It is a well-known fact that most of the landscapes painted by the great master Martín Rico for the European and American markets are in the form of countless views of the city of Venice depicted from all angles in the précieux style so fashionable with the major art dealers of the period (thanks to his great friend Mariano Fortuny, 1838–74), and that this kind of painting afforded Rico a privileged social and financial position among the artists of his time, enabling him to live out his life comfortably. However, Rico also chose Spanish cities as settings for his landscapes, among these Granada (where he travelled with Fortuny in 1871), Fuenterrabía (which he visited in 1872) Seville and Toledo (1875 and 1893). In all his views he mirrored the glowing, bright colours of Mediterranean landscapes which, together with their exceptional technical quality (further confirmation of his special skill with that genre) were among the most appealing aspects of his work.
Some years before he decided to adopt the city of canals as practically the only subject of his vedute, Martín Rico lived for short periods in different parts of France, where he encountered landscapes which, due to their geographical characteristics and, basically, their light and atmosphere, were very different from the clear, sunny brightness of those he knew from Italy and Spain.
Indeed, in 1869 Rico painted several views of Poissy, and the next year of Bougival. In 1872 he lived for some time in Cloyes and in 1876 produced views of Chartres and Sèvres. He listed all the landscapes he painted in these areas in an inventory (hitherto unpublished) and this canvas must be one of them. The location, however, could be one of several and has not yet been identified. There is evidence that the painting was in the United States in the 19th century, as many of the works listed in Rico's inventory were sold to well-known American collectors and dealers, such as W.H. Stewart, A. Stevens and the all-powerful Goupil, who from Paris controlled most of the market for Rico's work.

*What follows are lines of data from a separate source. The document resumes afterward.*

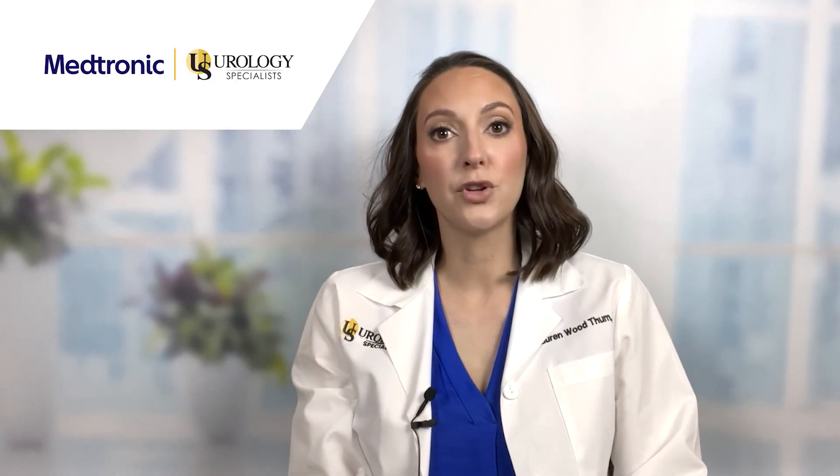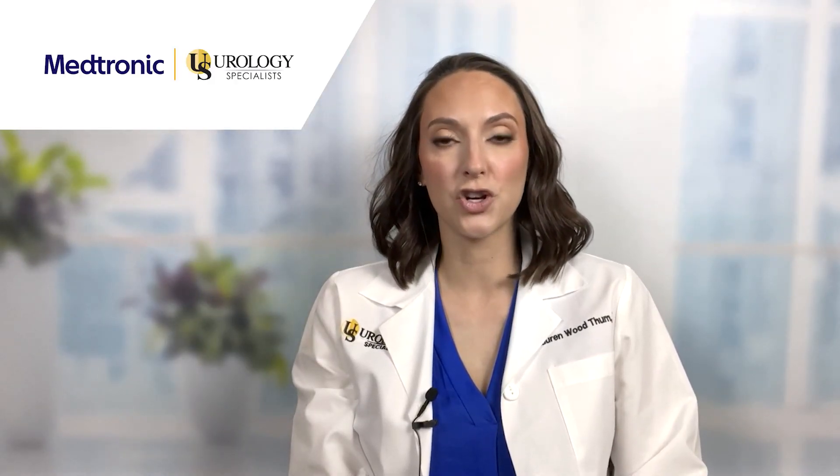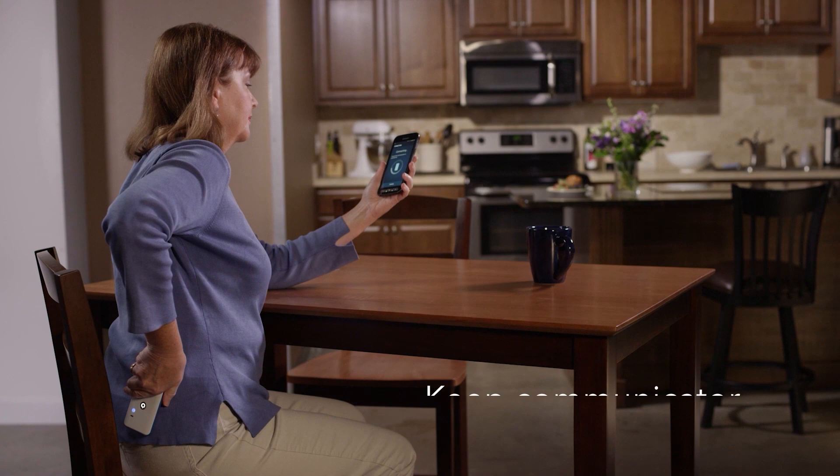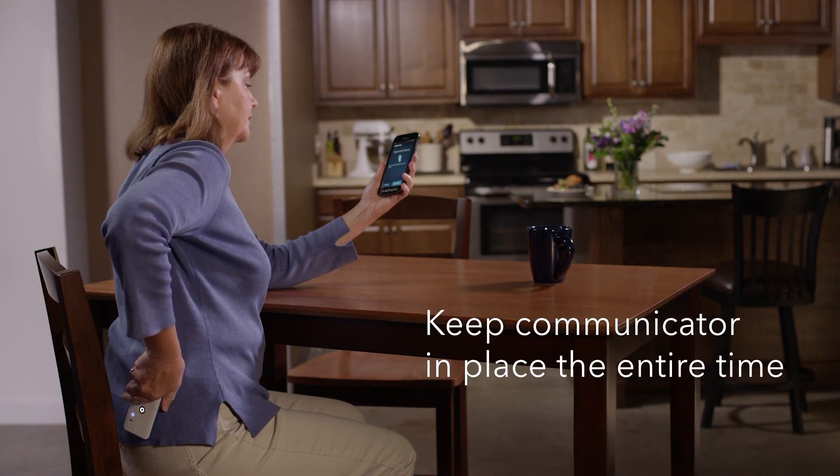First, please ensure that both your programmer and communicator are charged. Turn your communicator on by pressing the center button and place it with the blue side against your skin directly over your implant. This communicator needs to remain against your skin until you have placed your device in MRI mode.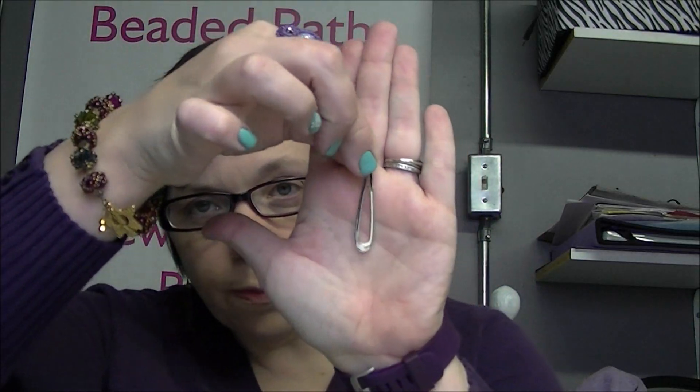A customer was asking me the other day — they found a finding, an earring finding. They're just these basic little drops that have an open hole. These are 47 by 11 millimeter, so they're a nice size for an earring. They can also be used as a pendant, but she said it's pretty, but what do you do with it? So I designed a very basic and simple pair of earrings that I want to show you today using some gradient colors.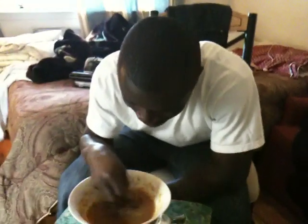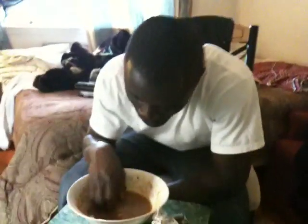Sit your ass down, African man. Show us how to eat soup with your hands. How to drink African soup. And fighting with the soup.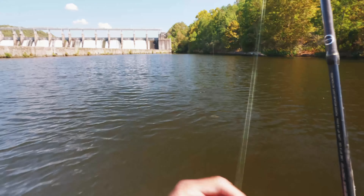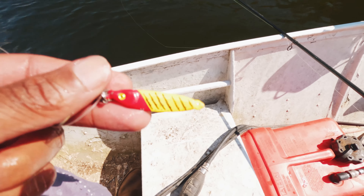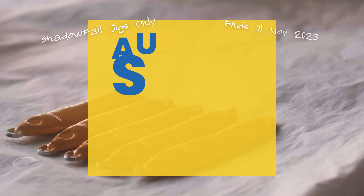This is the half ounce jig with the little stripes on it — red and gold. I've got a sale going until November 1st on these. Man, golly, I'm loving these jigs!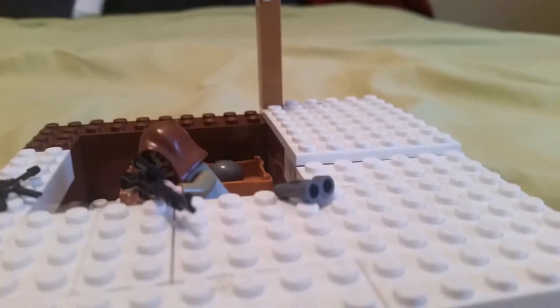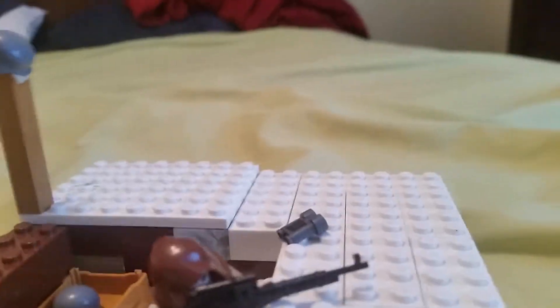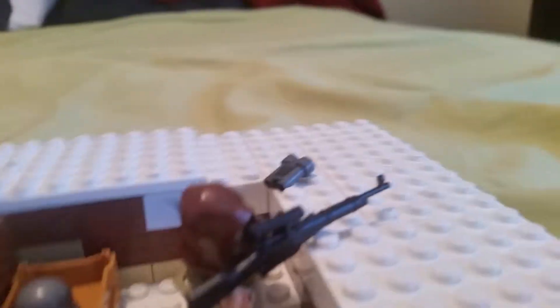Hey guys, back here with another video, and today this is my Lego World War II Eastern Front foxhole.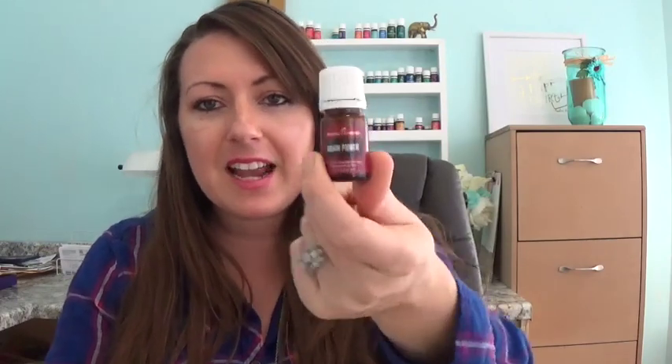Brain Power — tiny little oil. This is homework oil, folks. Brain Power to get my kids to focus, or if you have a deadline and you've got to get something done. My kids are wearing that. I might make a little blend for them for homework.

This landscape shows a broad stretch of a river whose quiet, untroubled waters flow through green meadows and groves. On the bank, a group of children pass the time fishing near a landing-stage, where a number of boats are moored. Another boat is under repair at the foot of a flatter area near a fence bordering a road. Visible to the side is the figure of a woman washing clothes at the water's edge, while in the background a boat crosses the river. The rest of the view is obscured by the tops of tall trees which fade away on the horizon.
Although the painting is known by the title "A Summer’s Day on the Seine", there is in fact nothing to indicate the season of the year, although the river is probably the Seine, which Rico preferred due to the mirror-like clarity of its water and its particular colour – qualities clearly distinguishable in the canvas and referred to by the artist himself in his memoirs: "Banks like those of the Seine and the Marne with their fineness of colour are hard to come by anywhere else; generally our rivers run over sand, as do those of Italy; this gives an unpleasant, arid-looking colour to the water, and in Germany it is the opposite for they are of a green that makes me think of apples and laugh.”
Places by rivers like this in the French interior gave Rico an opportunity to produce a kind of landscape very different from those he normally painted. They also required a completely different palette with cold, leaden colours and a soft, spongy technique to diffuse outlines and dilute distances. The final result was a view with a misty, bucolic atmosphere tinged with a melancholy light immediately reminiscent of the French landscapes of those years after Corot, which Rico was perfectly acquainted with. Furthermore, his exceptional skill as a draughtsman and the rigour of his brushstrokes render the elements in the foreground with absolute clarity, modelling objects with large planes of colour also reminiscent of the American landscape painting of the time.
In short, Rico's mastery in this small but exquisite painting – whose greatest appeal lies in the simplicity of a composition devoid of artifice or decorative pretensions – is also evident in the truly Impressionist lushness with which the grass on the slope is suggested. It was depicted with a modernity unusual for the Spanish painting of the time and of a kind which would not be seen until Aureliano de Beruete's mature landscapes at the beginning of the 20th century.